A Letter to Scott

Written on December 21, 2017.

I have been bugged all night and all day about our conversation last night, and the fact that I couldn’t find the right words to express the workings of my brain. I want to try again, with the added benefit of writing it down, so I can organize my thoughts properly before you read them.

So here we go. Round two.

Concerning my depression:

I have to specify my depression, because I can only try to communicate what I went through. It seems like most people have had a similar experience, but I can’t take that to mean all depression is exactly the same, therefore I am a depression expert. If only.

I mixed metaphors so much last night. I know you were trying hard to understand what I was trying to say, but I did a crap job making sense. So I’m going to try again, this time using only one metaphor.

Take a second and notice your eyes. Look around a bit. Look at your nose, as much as you can. Blink a few times. These are your eyes. Physical, tangible creations that show you the world in front of you.

Now feel your fingertips. Rub your hands together as if you were washing them. Feel your feet on the ground. The clothes on your skin. Your glasses on the bridge of your nose and behind your ears. You can feel. Another way to perceive the world. There are textures that you like and don’t like. This sensation is part of your life.

Lay your hands flat—on the table, on your lap, wherever. Move just your thumbs. Now just your index fingers. Now just your pinky fingers. You send a command to your hands and they obey. You can make them move. You can lift your arms, wiggle your toes, turn your head from side to side; you’ve even gotten so good at moving your body that you can run, figure out how to put on a shirt, and eat with utensils.

With these sensations and so many more, you’ve learned how to not just experience the world but participate in it. Most of the time, you do it without even noticing.

A few months ago, I had none of these things.

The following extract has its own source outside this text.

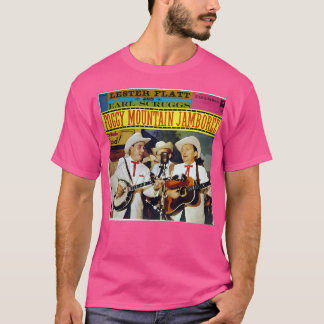 Lester Flatt und Earl Scruggs Foggy Mountain Jambo T-Shirt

A lot of people describe the feeling as “trapped in my own mind.” The scriptures call it a “pit of despair.” I experienced it as a long, black hallway, with a tiny television at the end. The world moved along on the itty bitty screen at the end of this hallway. I wasn’t in it—I was observing it.

hallway1

At the beginning, I was just a foot or so from the screen, and it felt like a video game: I could play my part, go through the actions. It wasn’t immersive, but I was still a participant. After a while, I was about six feet from the screen. Too far to do much of anything, but I could see it pretty well. Then I was ten feet away. Twenty feet. Fifty. I was so far removed from the world that most of the time I hardly knew what was going on. People kept talking to Tiana like everything was fine, and somehow Tiana talked back, like she was being controlled by someone else—I sure wasn’t the one doing it. Tiana drove to work. Tiana played board games. Tiana smiled and said don’t worry, she was just tired.

hallway2

I didn’t know what was going on. I was desperate to get back. To run to the end of the hallway, leap through the screen and be me again. I tried everything I could think of, anything to make me feel the tiniest bit better for just a moment. I got drunk (once—it was horrible). I had sex. I binged on “comfort food” and gained over 150 pounds. Each attempt worked for seconds, maybe minutes at a time, then made everything so much worse.

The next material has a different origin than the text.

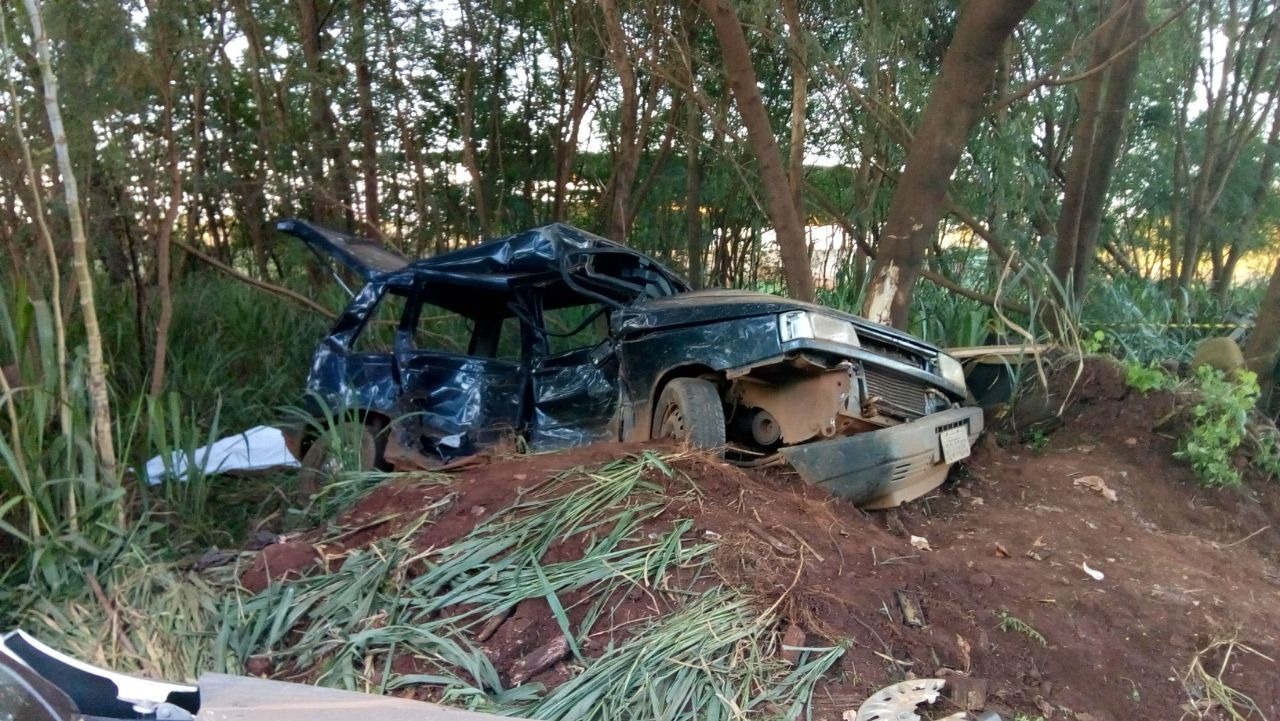 Idoso de 61 anos morre após colisão na saída de São Paulo Foto: Álvaro Rezende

After years of no improvement—quite the opposite—I slowly gave up on the idea that things could get better. By this point the screen was black and white (maybe it was always black and white), and nothing was beautiful anymore. I didn’t have access to taste, smell, touch. The speakers worked maybe half the time; I had to strain my ears to hear, and the crackling noises made most of what I could hear unintelligible. What was the point of watching anymore, of even trying? I was so tired of working so hard and getting nowhere. Surely darkness and silence would be better than this. I should just turn it off. I almost did.

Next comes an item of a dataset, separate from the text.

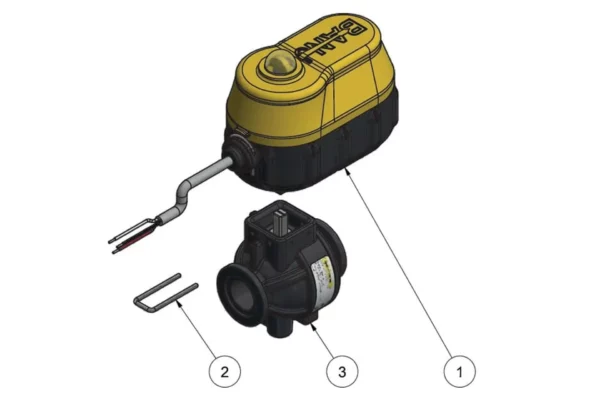 Banjo Zawór elektryczny 2-drożny 1"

Somehow, after being struck by lightning 13 times (ECT), I’m here. I’m not an observer six feet back. I’m me. Every day I relish in the act of seeing, of moving my own eyes and blinking them at will. I wash my hands and I feel my hands, getting slick from soap and then turning back into clean, soft skin under the warm water. At work I rub the hem of my shirt between my fingers, feeling the fabric, the thread, the even stitching. I play with my fingernails, noticing the curve of the nail and the tiny ridges where the curve isn’t perfect. I love the imperfections.

I love drinking water. It is tasteless and yet delicious. I love the feel of it pouring into my mouth and down my throat. I play with my hair. I listen to music. I read books. All these sensations are familiar and welcome like old friends, ones I have missed for a long time.

So many things are beautiful, Scott.